Problem details:
Your task is to repeat the entries underneath exactly, minus the pictures.

Data extracts:

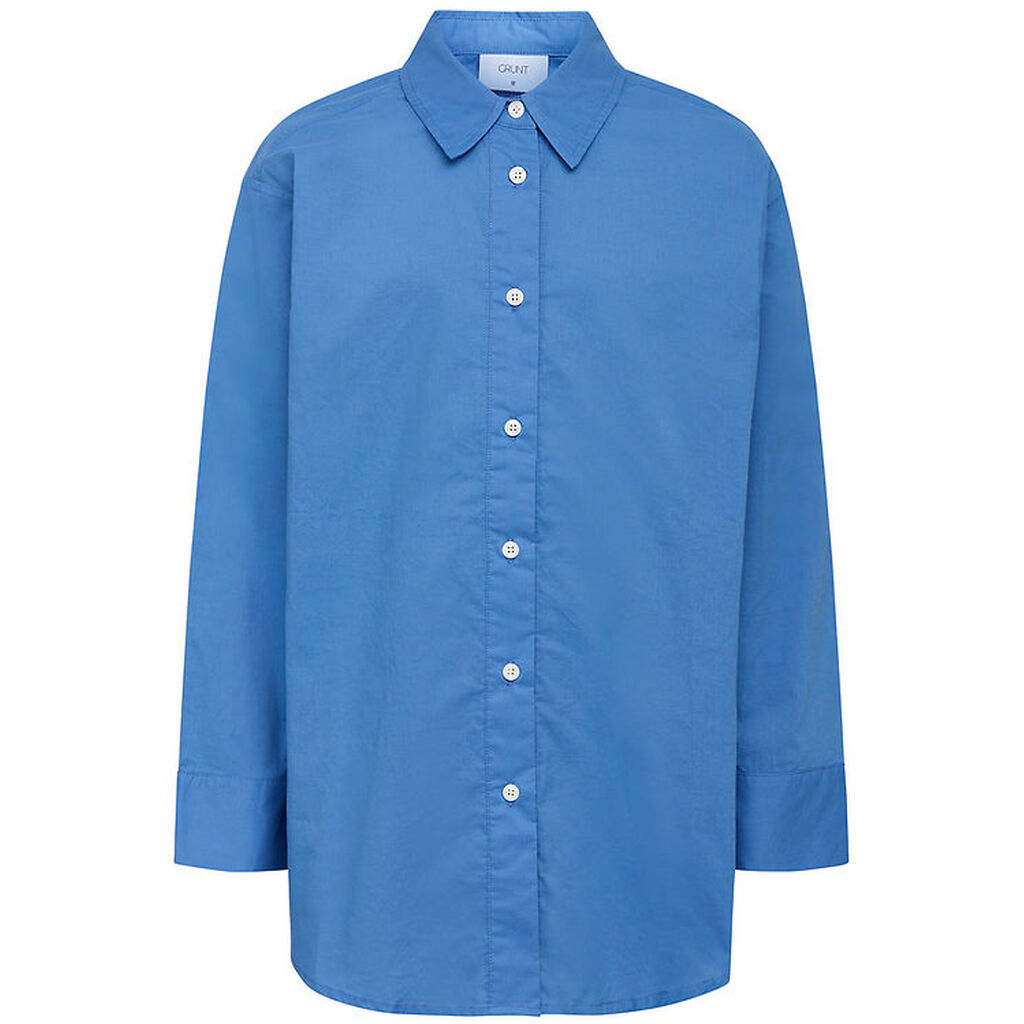 Grunt Skjorte - Fontera - Blå
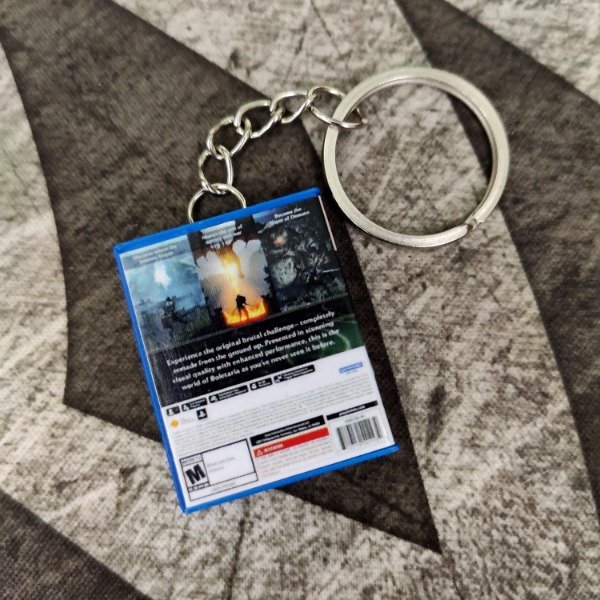 Producto - Llavero de Demon's Souls - 1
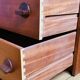 Commode vintage en teck édition Stag Furniture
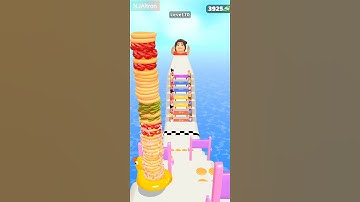 Pancake Run  : All Levels Gameplay Trailer | Android, iOS Games | NJAltron Gaming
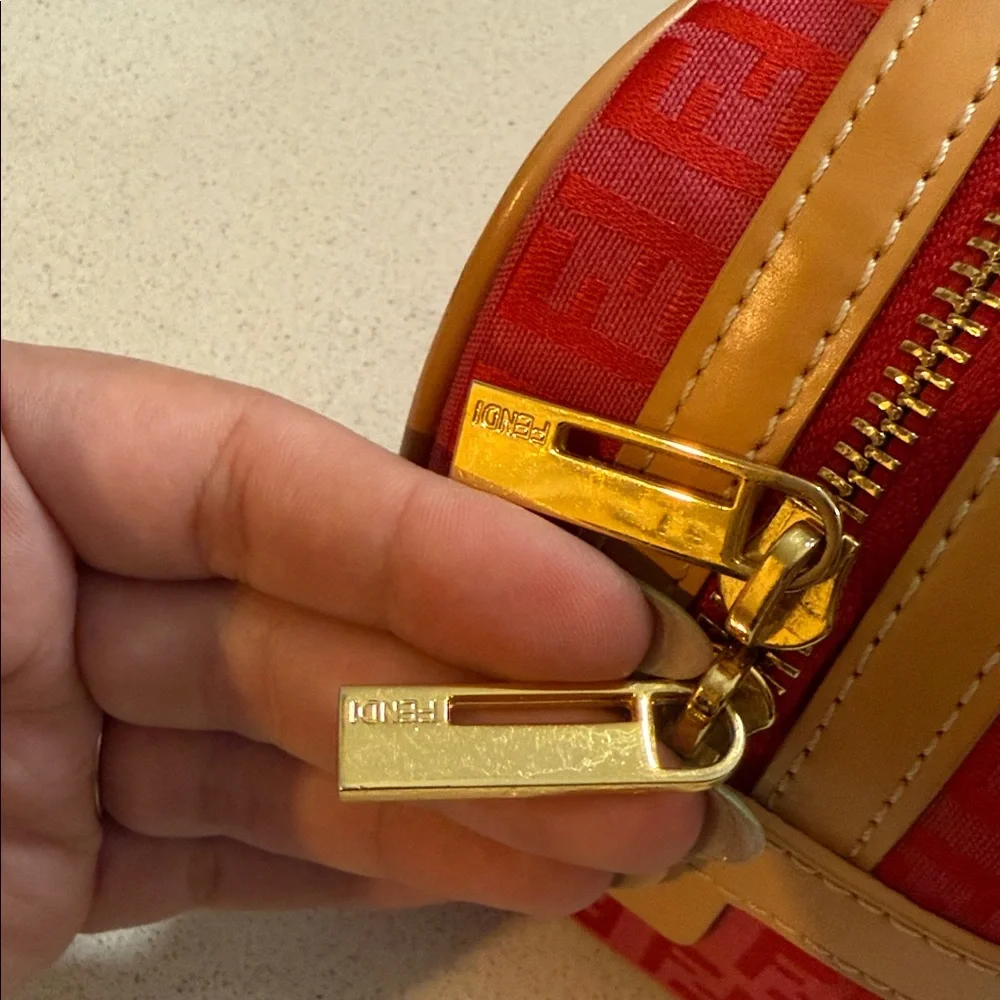 RARE! Authentic Vintage Fendi Mama Baguette Bag-Price Firm! - Picture 4 of 16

Output for this exercise:
 Grunt Skjorte - Fontera - Blå
 Producto - Llavero de Demon's Souls - 1
 Commode vintage en teck édition Stag Furniture
 Pancake Run  : All Levels Gameplay Trailer | Android, iOS Games | NJAltron Gaming
 RARE! Authentic Vintage Fendi Mama Baguette Bag-Price Firm! - Picture 4 of 16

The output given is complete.